Del resto, come ben scrisse Arrigo Polillo nel suo Jazz (1), l'adattamento della musica nera al mercato ed al gusto dei bianchi, non riguardava solo il suono, ma entrava in profondità anche nei testi delle canzoni.
Neil Leonard (2) fece un'indagine minuziosa sul testi impiegati dai cantanti di jazz prima del 1928 e quelli adottati più tardi, specie in epoca swing, cioè negli anni di cui ci stiamo occupando.
L'esame confermò la scomparsa della tematica realistica, persino oscena, tipica del blues, e la sua sostituzione con "una sottoletteratura d'evasione tipicamente americana bianca." Sono parole di Polillo, il quale rammenta ancora come una grande cantante nera, Billie Holyday,si vide costretta allora ad invocare "una barca a vela al chiar di luna" invece di cantare i "blues del letto vuoto" presentati anni prima da Bessie Smith.

Con questo, non si vuol dire, tuttavia, che tutti i musicisti neri furono in qualche modo annacquati e scoloriti alla maniera di Michael Jackson.
In realtà, proprio Hammond fu protagonista di una interessante operazione a metà tra il culturale ed i commerciale, producendo dischi per la Columbia inglese. Quello che in America sembrava non essere gradito dal mercato, veniva invece consumato ed assorbito senza alcuna difficoltà dal pubblico britannico e, s'intende, anche francese.
Dopo anni di distanza ed emarginazione, anche la grande Bessie Smith tornò ad incidere.

La grande crisi aveva spazzato via molte case discografiche e solo tre grandi etichette avevano resistito: la Victor, la Decca e la Columbia. Ma quest'ultima era agonizzante ed i suoi managers non avrebbero pubblicato dischi di jazz "per nulla al mondo - sono ancora parole di Polillo - a meno che non fosse qualcun altro a pagare, ciò che appunto succedeva."

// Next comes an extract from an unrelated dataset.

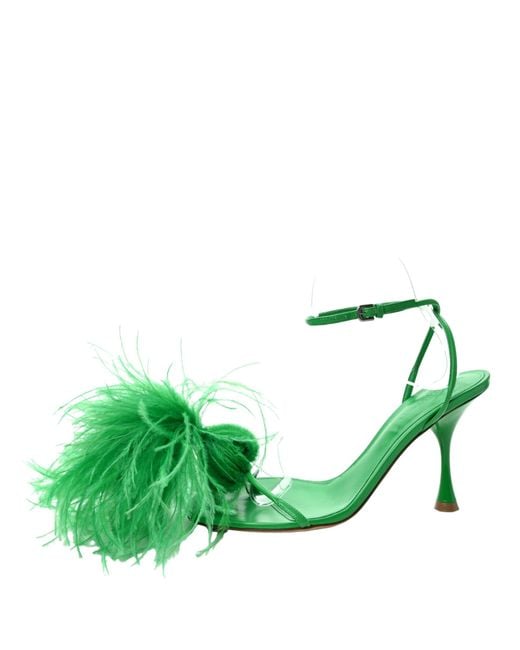 Bottega Veneta Green Feather Dot Sandals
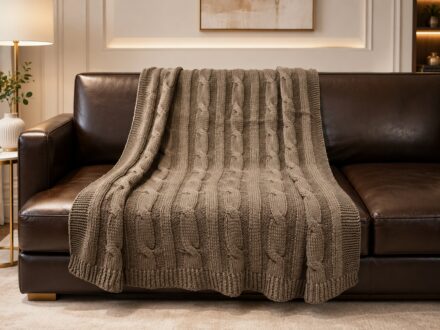 Taupe Cable Knit Throw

Fu così che musicisti neri e bianchi tornarono ad incidere insieme (anche se non ancora a suonare pubblicamente insieme). Agli inizi, a New Orleans, questo era già accaduto. Ma negli anni successivi la più rigida apartheid era stata la regola. Basta leggere la romanzata autobiografia di Billie Holiday (La signora canta i blues - Feltrinelli) per capire il clima di discriminazione avvilente ancora presente nei tardi anni trenta e nei primi anni quaranta.

Al miglioramento della situazione aveva certamente contribuito il "Repeal", cioè l'atto legislativo che aveva messo fine al proibizionismo. Era come liberare il mondo ed il sottobosco dei musicisti e dei proprietari di locali dalle pastoie dell'illegalità e della semiclandestinità. Di colpo, andare a sentire il jazz non era più evasione avventurosa dalla monotonia del tran tran, ma qualcosa che, tutto sommato, poteva ritenersi accettabile anche dalla morigerata società dei bianchi, anglosassoni e protestanti.

In quest'atmosfera di maggiore distensione, l'orchestra di Count Basie capitò, finalmente, a New York, e cominciò a godere di un reale successo.

(continua)

note:
1) Jazz - Arrigo Polillo - Mondadori - prima edizione 1975
2) Jazz and The White Americans - Neil Leonard - The University of Chicago Press, 1962.